**Task instructions**
Every line of the listing must be reproduced as it stands. Leave the images behind.

**Information shown**

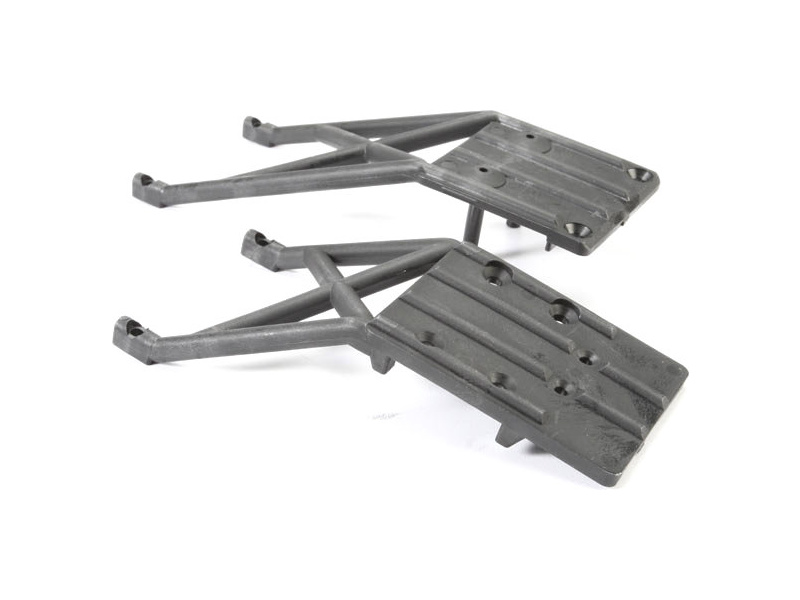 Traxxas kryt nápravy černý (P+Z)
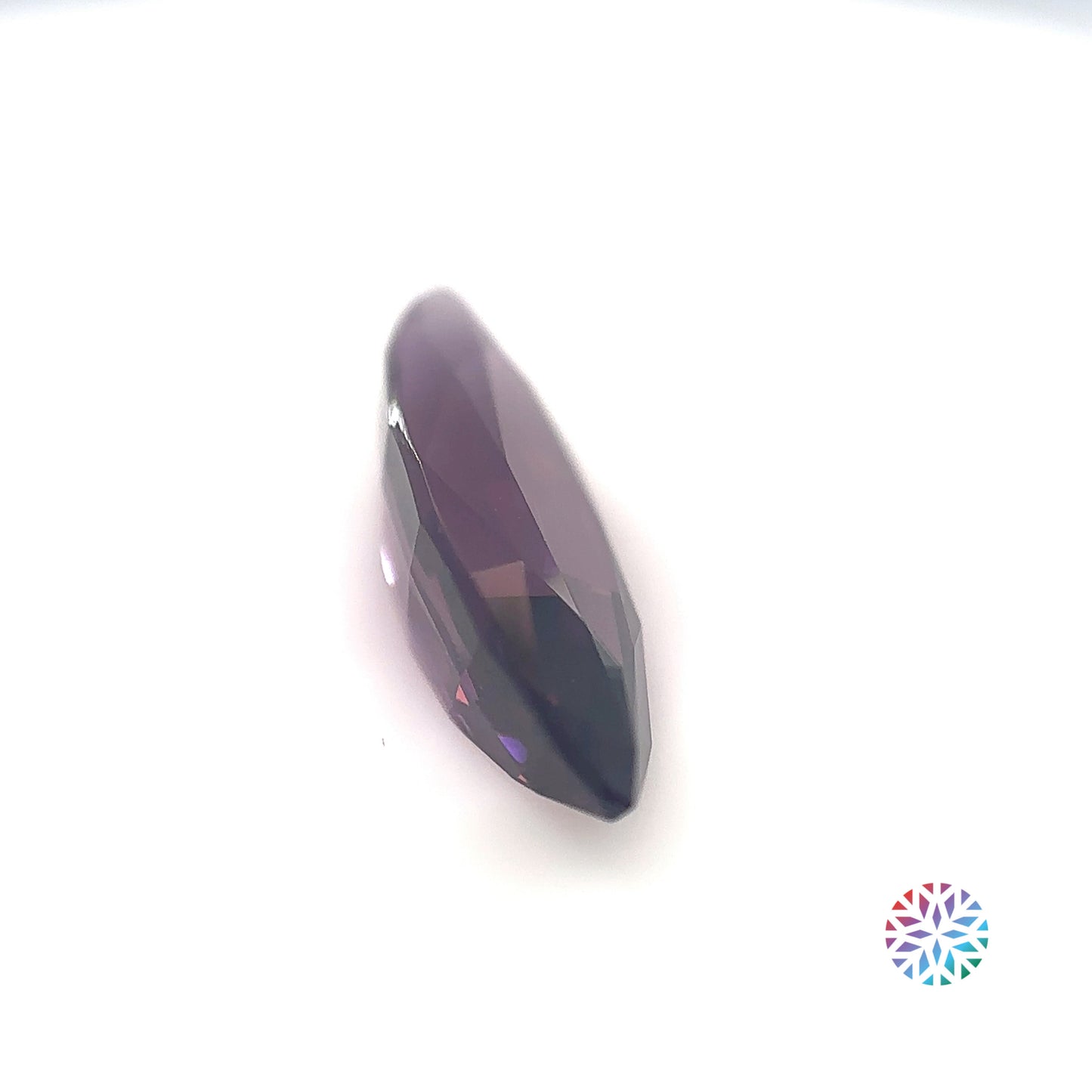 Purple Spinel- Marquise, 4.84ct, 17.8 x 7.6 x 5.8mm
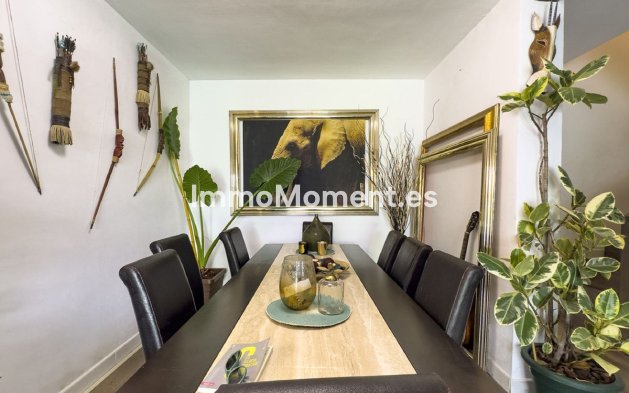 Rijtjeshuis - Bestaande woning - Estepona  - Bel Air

**Response to the exercise**
 Traxxas kryt nápravy černý (P+Z)
 Purple Spinel- Marquise, 4.84ct, 17.8 x 7.6 x 5.8mm
 Rijtjeshuis - Bestaande woning - Estepona  - Bel Air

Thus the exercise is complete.